Steve Abbley

Personal information
- Full name: Stephen George Abbley
- Date of birth: 19 March 1957 (age 69)
- Place of birth: Liverpool, Lancashire, England
- Position: Right wing

Team information
- Current team: Circencester Town (Chairman)

Senior career*
- Years: Team / Apps / (Gls)
- 0000–1979: Parks / – / (–)
- 1979–1982: Swindon Town / 23 / (0)
- Cheltenham Town
- 1988-1990: Wycombe Wanderers / 63 / (1)
- Tonbridge
- Gloucester City
- Trowbridge Town
- Cirencester Town

= Steve Abbley =

English footballer

Steve Abbley (born 19 March 1957 in Liverpool) is a former footballer who spent the majority of his career in Non-League football. Abbley was a professional with Swindon Town. Currently, he is chairman of Cirencester Town.

Stephen George Abbley started his career with Non-League club Parks F.C. before joining Swindon Town as a 22-year-old in October 1979.

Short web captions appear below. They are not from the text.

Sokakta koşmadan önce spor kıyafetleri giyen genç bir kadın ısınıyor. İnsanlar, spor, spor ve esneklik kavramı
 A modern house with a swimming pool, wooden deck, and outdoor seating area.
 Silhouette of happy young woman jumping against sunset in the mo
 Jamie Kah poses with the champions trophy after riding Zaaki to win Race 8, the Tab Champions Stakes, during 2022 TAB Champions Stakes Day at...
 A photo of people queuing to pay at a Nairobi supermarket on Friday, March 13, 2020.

Abbley operated on the right side of Swindon's defence, but could also play on the left. However, Abbley struggled to break into the Swindon first team throughout his career in Wiltshire.

The Liverpudlian appeared in only five league fixtures during his first season at the club. His Town debut came as a late in the 2–0 loss at Blackburn Rovers in March 1980. His first win occurred in the 3–0 home win against Gillingham, Abbley was booked in a heated game which also saw future Manchester United captain Steve Bruce sent-off for two bookable offences.

During Abbley's second season at Swindon he could only muster three appearances in the first team.

Steve Abbley's third and final season in professional football was his best for first team appearances, making 15 outings including the 5–0 loss at rivals Oxford United and made his final league appearance in the 2–0 defeat at Fulham. However, despite making more outings for the first team Swindon were relegated into the Fourth Division.

After his release from Swindon, Abbley dropped into Non-League football playing for future league teams Cheltenham Town and Wycombe Wanderers.

Since retiring, Abbley has become chairman of Southern Football League club Cirencester Town, helping them move into their Corinium Stadium in 2002.